Wie die Entscheidung ausfallen wird:
Wird es nun also künftig weiterhin ein stabiles G8 geben oder eine Rückkehr zum G9? Werden sich die Schulen zwischen dem G8 und der Mittelstufe Plus eigenständig entscheiden können? Eine eindeutige Richtung dazu gibt es derzeit nicht. So äußerte sich der Bezirksvorsitzende Oberbayern-Ost der Bayerischen Direktorenvereinigung, Walter Baier: „Wir brauchen eine klare Entscheidung, egal in welche Richtung diese geht. Wir sehen ja das Chaos, das zum Beispiel jetzt in Hessen herrscht.“ In Hessen können sich Schulen seit 2013 selbst zwischen einem acht- oder neunstufigen Gymnasium oder auch für einzelne G9-Klassen entscheiden.

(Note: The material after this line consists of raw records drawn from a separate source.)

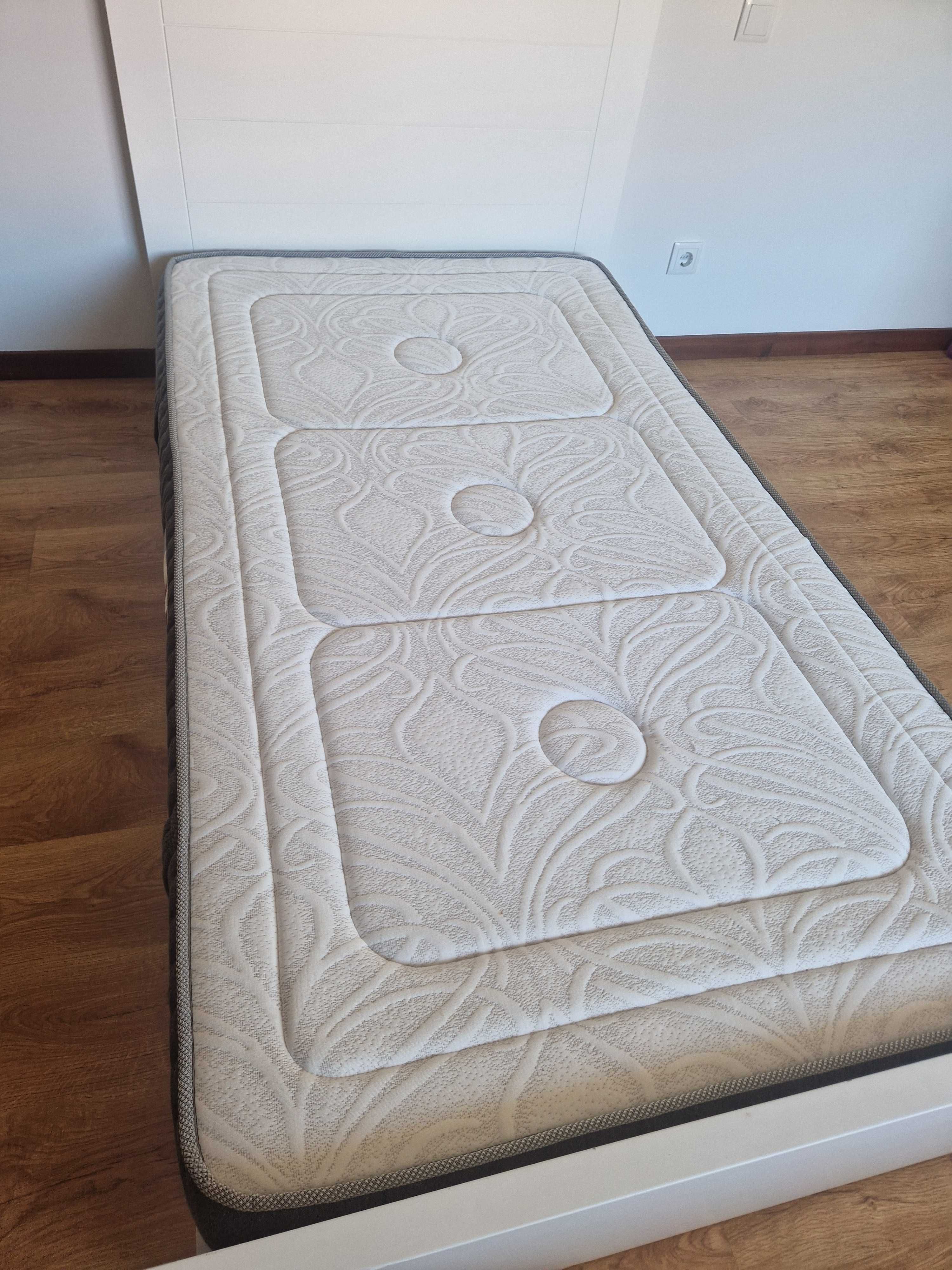 Cama montessori lacada a branco+ roupa de cama+ colchao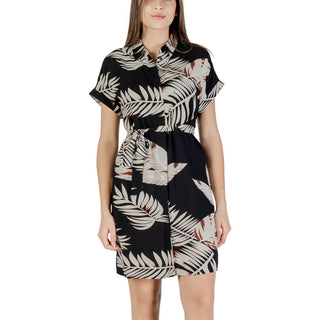 Beiges kurzes Viskosekleid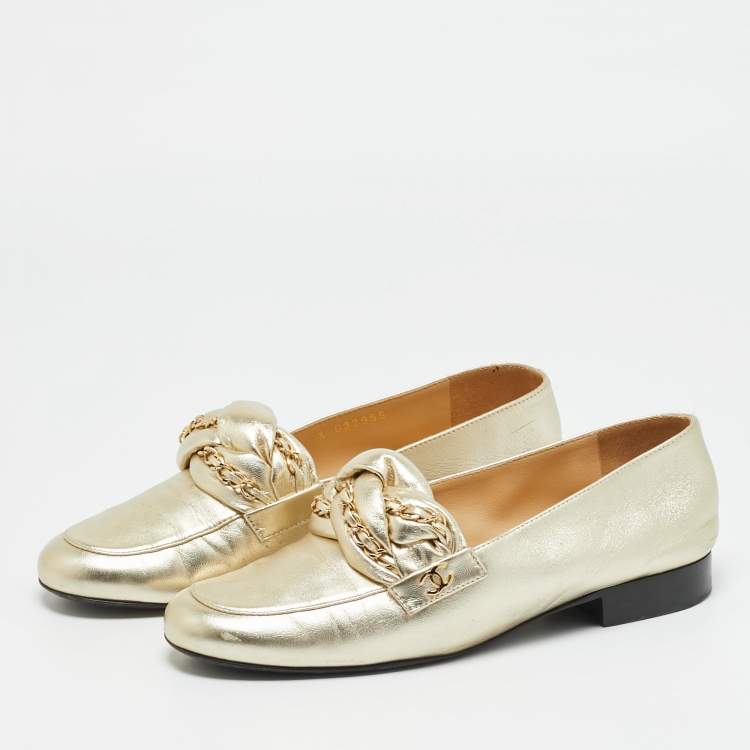 Pre Owned Chanel Logo Embellished Size 38 Gold Leather Loafers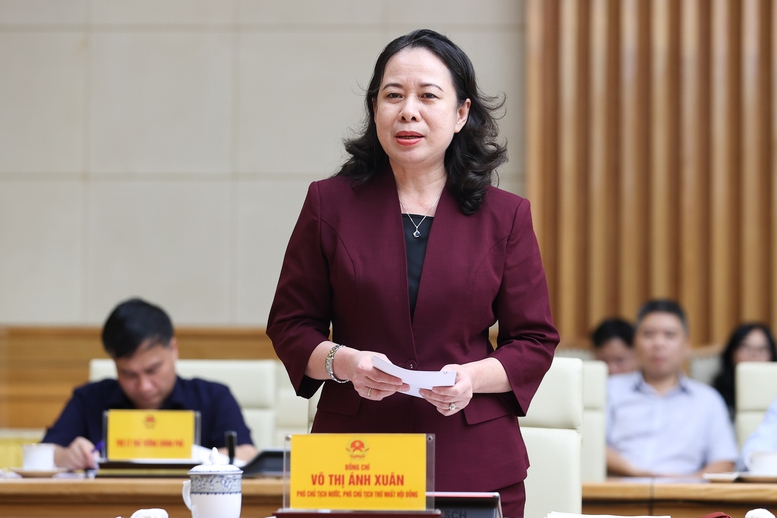 Thủ tướng Lê Minh Hưng: Thi đua, khen thưởng phải bám sát hơi thở cuộc sống, gắn chặt với nhiệm vụ và kết quả cụ thể- Ảnh 4.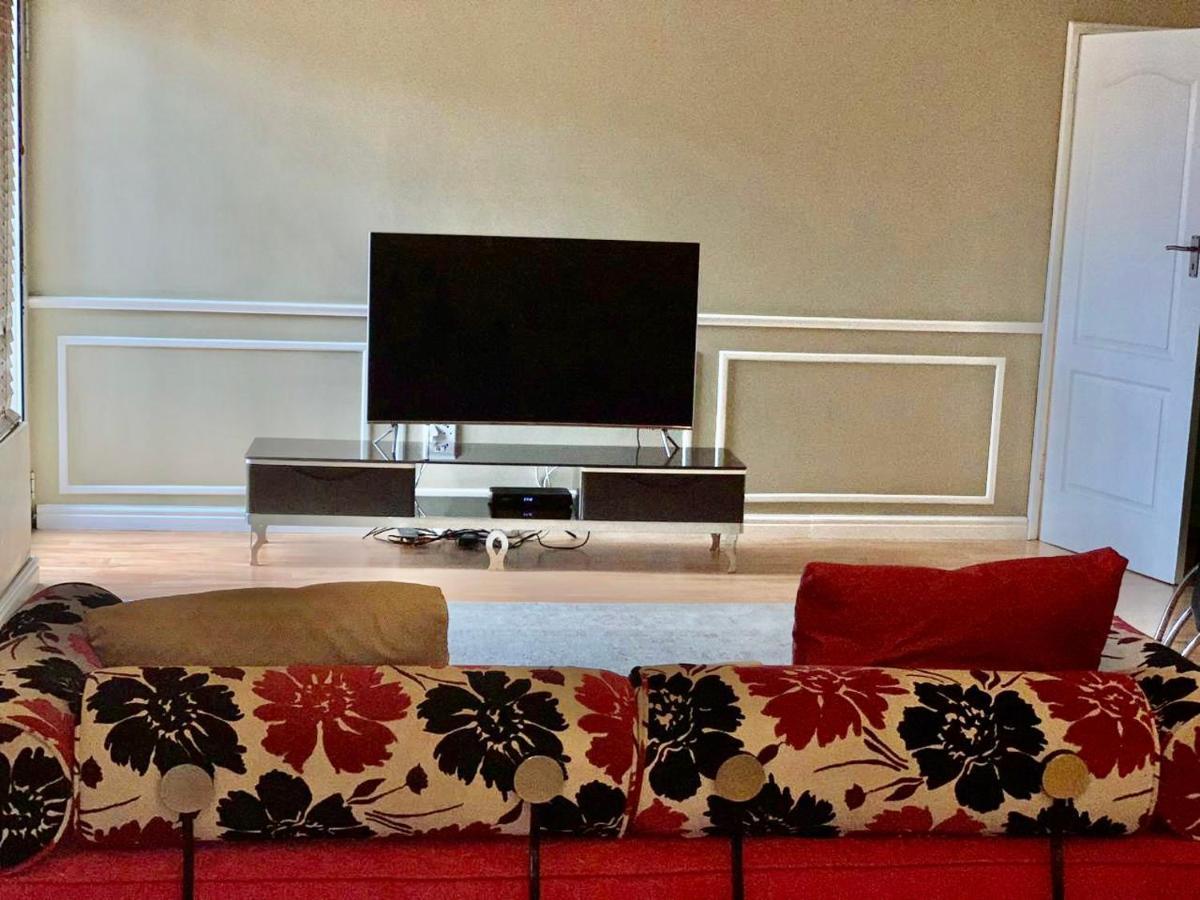 Beautiful Apartment In Century City Кейптаун Екстериор снимка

Der Vorsitzende Peter Peltzer zu dieser Diskussion: „Durch die Einführung einer Mittelstufe Plus bekommen die Schülerinnen und Schüler zwar mehr Zeit, welche sie zum Lernen nutzen könnten, wie wir jedoch aus der eigenen Pubertät wissen, verleitet dieses Mehr an Zeit nicht unbedingt dazu, mehr für die Schule zu tun!“ Doch auch die Rückkehr zu einem G9, wie sie von einigen bildungspolitischen Verbänden gefordert wird, sei mit einem großen Fragezeichen zu sehen, da die neue Form des G9 bisher nirgends festgelegt sei, so Peltzer weiter.

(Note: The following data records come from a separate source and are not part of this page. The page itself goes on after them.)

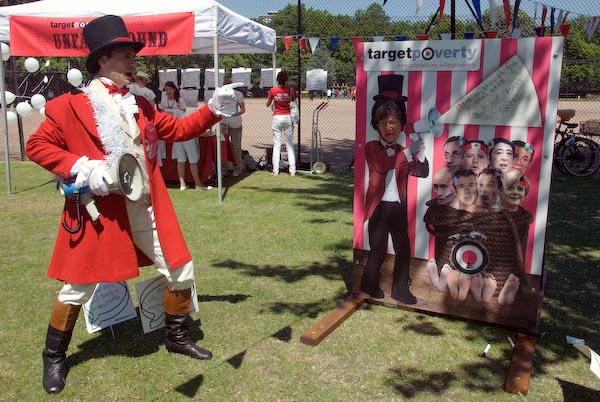 The World Can't Wait &copy; 2007, Peter Marshall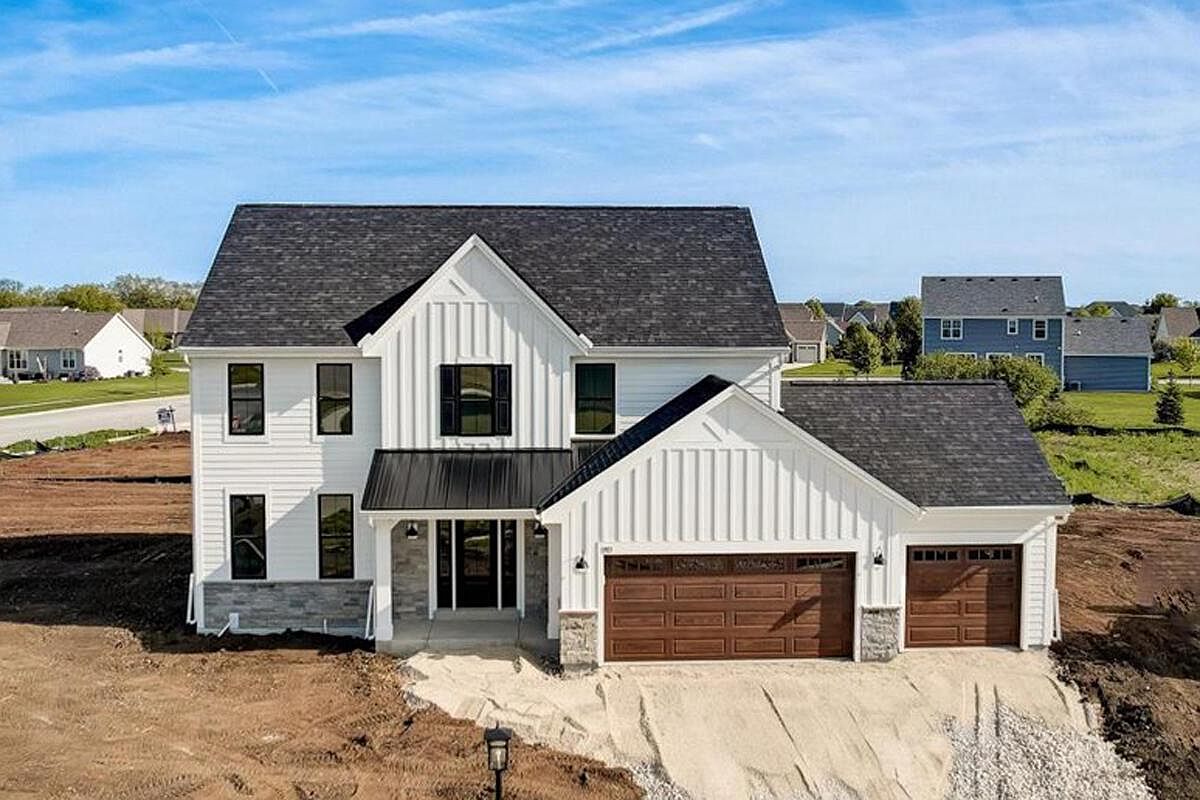 401 Chapman Farm BOULEVARD, Mukwonago, WI 53149 MLS 1837841 Zillow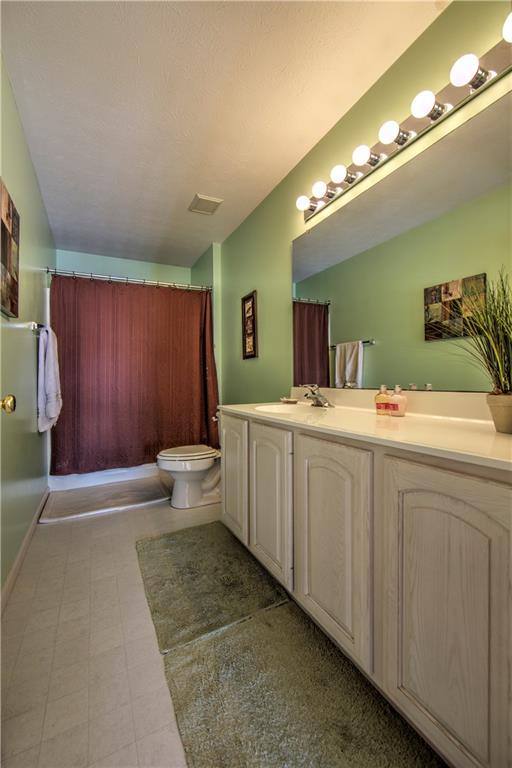252 Field Club Circle McKees Rocks, PA 15136 - Photo 18 of 24 Full bath...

Rosenheimer Modell am Karogymnasium:
Wie eine Verlängerung der Lernzeit eventuell umgesetzt werden könnte, weiß Florian Ludwig, Vorstandsmitglied des AKS und Lehrer am Karolinengymnasiums in Rosenheim, zu berichten. Dieses hat im vergangenen Schuljahr das „Rosenheimer Modell“ angeboten. Dieses sieht eine Einführungsklasse vor der eigentlichen Oberstufe vor. Als Zielgruppe kommen nicht nur Realschüler in Betracht, sondern auch Gymnasiasten, die sich als Studienvorbereitung einen möglichst guten Abiturschnitt zum Ziel gesetzt haben oder beispielsweise aufgrund eines kurzzeitigen Auslandsaufenthalt den Anschluss zum fortlaufenden Lernalltag nicht verlieren möchten.
„Es muss Ruhe einkehren“
Ob G8, G9, Mittelstufe Plus oder „Rosenheimer Modell“: Es gibt einige Ansätze, um den Schülerinnen und Schülern den Weg in die Oberstufe des Gymnasiums zu ebnen. Wichtig ist, dass bald Ruhe in die Diskussion einkehrt, so der Tenor bei allen Beteiligten. Ob es jedoch nach einer Entscheidung um die Diskussion zur Zukunft des Gymnasiums ruhiger wird? „Ich befürchte, dass es auch nach einer Entscheidung einzelne Verbände oder Parteien geben wird, die das Ergebnis anzweifeln werden“, erklärt Otto Lederer abschließend.